A rich and decadent Dark Chocolate Fudge interspersed with Andes Mint chips and peppermint extract. A easy and delicious dessert just in time for Christmas!
If you haven’t noticed, I have been on this dessert and appetizer kick lately. I admit, part of it is selfish because I am trying to get ready for the holiday season and my chocoholic father is coming in town soon. 🙂 But I also want to help you out, because I know if I’m searching high and low for Appetizer and Dessert recipes you sure are too!
When it comes to dessert, there is nothing better than chocolate! Chocolate basically encompasses all that is dessert. It is the first thing you think of when someone says, “would you like dessert?”
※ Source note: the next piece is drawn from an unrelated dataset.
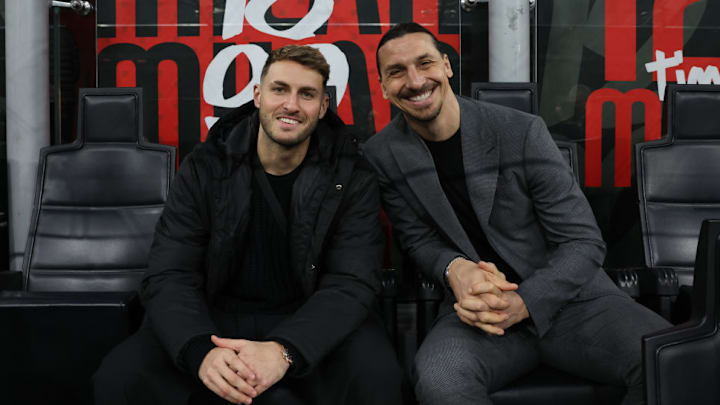 Soccer legend and AC Milan executive, Zlatan Ibrahimović (right) welcomed Santiago Giménez to the club.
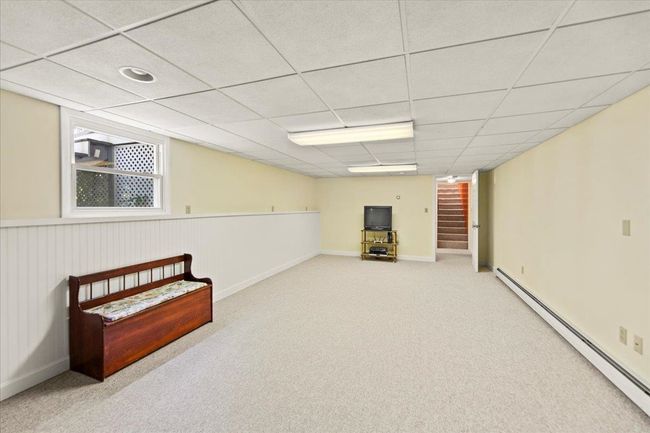 8 Center St, House other with 4 bedrooms, 3 bathrooms and null parking in Bennington VT | Image 21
Two weeks ago I made this awesome Mint Dark Chocolate Chip Cookies. I still had some more Andes Mint Chips left over and I didn’t want them to go to waste so I decided to make this decadent Mint Dark Chocolate Fudge.
All I have to say is… Holy Cow! This stuff is amazing! So rich, but oh sooo good. I brought it over to my friends house for our “Friends Thanksgiving” – yes.. I know.. a little late on the Thanksgiving dinner but better late than never – and they all loved it. 🙂
One thing I learned while making this fudge was that if you heat the dark chocolate too fast, which I did because I have no patience, than your fudge can turn out a little grainy. {which mine did} But never fear, just add a little water and it will change the consistency from grainy to smooth! Ahh… perfection!
To get started, grease a 8×8 or 8×11 baking dish. Sprinkle the bottom of baking dish with 1 cup of Andes Mint chunks in the bottom of the dish and set aside.
Place a medium sauce pot over medium heat with 2 inches of water. Place a glass bowl over the top–making sure the glass doesn’t touch the water. Pour a 14oz. can of sweetened condensed milk and 1 tablespoon of butter in the bowl and heat.
Add the 3 {10 oz.} bags of dark chocolate chips and 1/4 teaspoon of salt in the bowl. Stir the chocolate as it melts and thickens–about 5 -7 minutes.
The mixture should thicken to a THICK cake batter consistency, almost too thick to pour. {if your fudge looks grainy and not smooth then add 1/4-1/2 cup of water to smooth it out} Add 1/8 teaspoon of peppermint oil {or 1/4 teaspoon of peppermint extract} and 1 teaspoon of vanilla extract, mix well.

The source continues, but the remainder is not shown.